Starting with the line that contains "[upl. by Ulla]", give again exactly and only each line through the end of the records; include the last line and exclude pictures.

ENTRIES PROVIDED below:

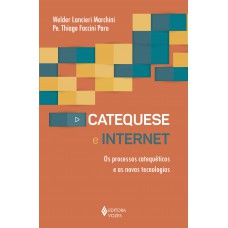 Catequese E Internet: Os Processos Catequéticos E As Novas Tecnologias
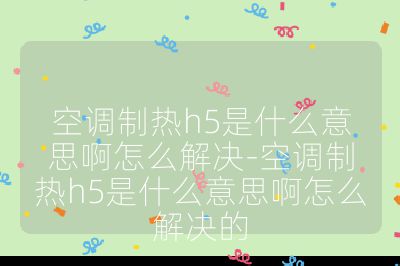 空调制热h5是什么意思啊怎么解决-空调制热h5是什么意思啊怎么解决的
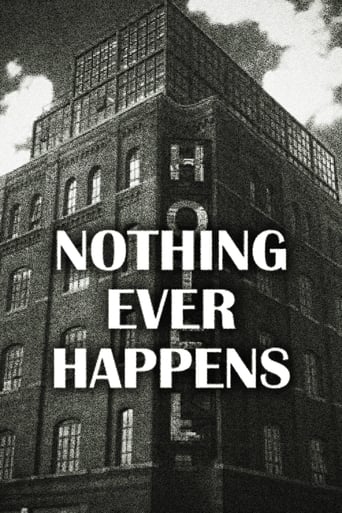 Poster för Nothing Ever Happens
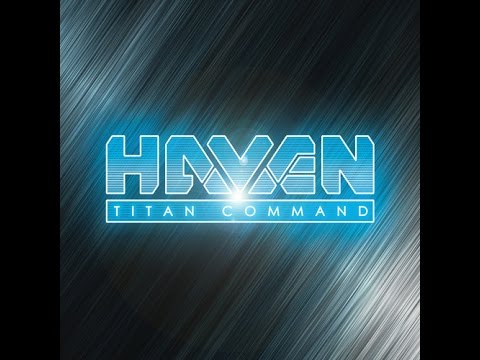 Haven: Titan Command Review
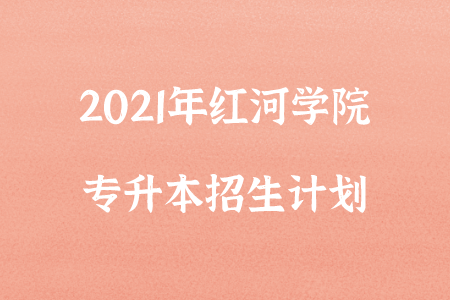 2021年红河学院专升本招生计划.png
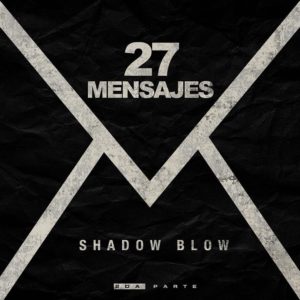 Shadow Blow – 27 Mensajes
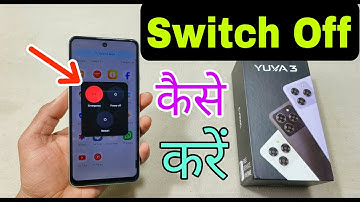 How To Power Off in Lava Yuva 3 | Lava Yuva 3 Switch Off Kaise Karen | Mobile Band Kaise Karen |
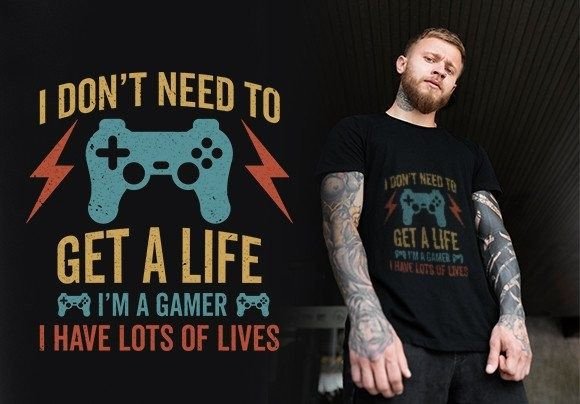 For Creators and Fans: The Practical Utility of the I Don't Need Get a Life Gaming T-shirt Design Asset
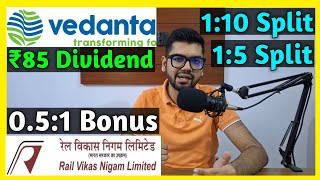 Vedanta Ltd  RVNL • Stocks Declared High Dividend Bonus amp Split With Ex Dates [upl. by Ulla]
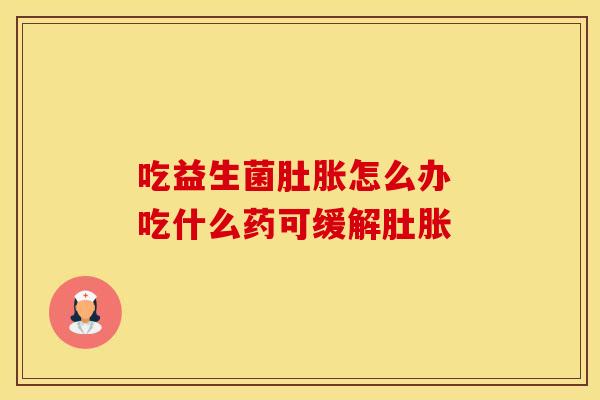吃益生菌肚胀怎么办 吃什么药可缓解肚胀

End of ENTRIES PROVIDED.

**ANSWER TO THIS TASK**
 Vedanta Ltd  RVNL • Stocks Declared High Dividend Bonus amp Split With Ex Dates [upl. by Ulla]
吃益生菌肚胀怎么办 吃什么药可缓解肚胀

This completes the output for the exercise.